Wednesday, April 29, 2026

A SQL review workflow


It is important to review SQL statements during testing... certainly before they get to production! A good SQL review workflow shouldn’t feel like bureaucracy, instead it should feel like a safety net that consistently catches performance problems before they hit production. The key is to structure the workflow so that it’s repeatable, lightweight enough to follow, and grounded in how databases actually execute queries.

Here’s a practical, end-to-end workflow you can implement.

1. Define the Context First (Before Looking at SQL)

Before reviewing the query itself, establish intent:

  • What is the query supposed to do?
  • Expected result set size (1 row, 100 rows, millions?)
  • Frequency of execution (ad hoc vs. thousands per minute)
  • Performance expectations (sub-second? batch window?)

Without this, you can’t judge whether a query is “fast enough.”

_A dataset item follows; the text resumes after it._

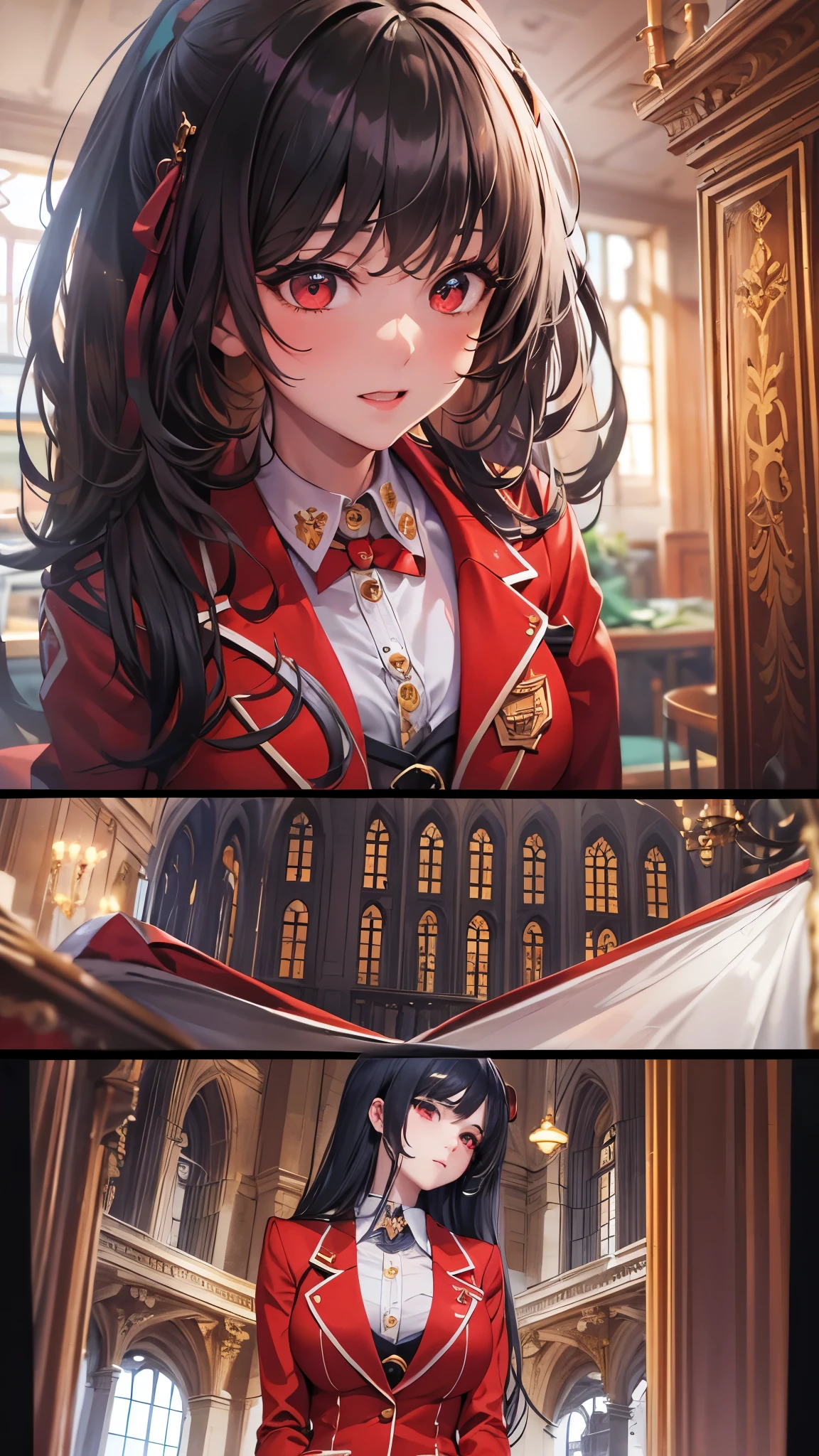 perfect anatomy, masterpiece:1.4, best quality, 8k, beautiful detailed grow, daydreaming expression, pov, looking up, (solo straight black hair long hair femdom cute girl, 17 yo, detailed red eyes, soft face, soft smile, sexy glossy mouth, bigboobs), in a red school blazer, skirt, in the enchanted room.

2. Perform a Structural Review

This is a quick, surface-level pass to catch obvious issues:

  • Avoid SELECT * (unless absolutely justified... and it almost never is)
  • Ensure proper filtering (WHERE clauses exist and are meaningful)
  • Check join conditions (no accidental cross joins)
  • Validate correct use of INNER vs OUTER joins
  • Look for unnecessary nested subqueries or overly complex CTE chains
  • Confirm consistent aliasing and readability

This step is less about performance tuning and more about preventing obvious inefficiencies.

3. Validate Data Access Paths

Now move into performance-critical territory:

  • Are indexes available for:
    • Join columns?
    • Filter predicates?
    • Sorting/grouping columns?
  • Are functions being applied to indexed columns (breaking index usage)?
    • For example: WHERE YEAR(order_date) = 2024 (unless you have an index on the expression)
  • Are implicit data type conversions occurring?

If access paths are wrong, everything else becomes irrelevant.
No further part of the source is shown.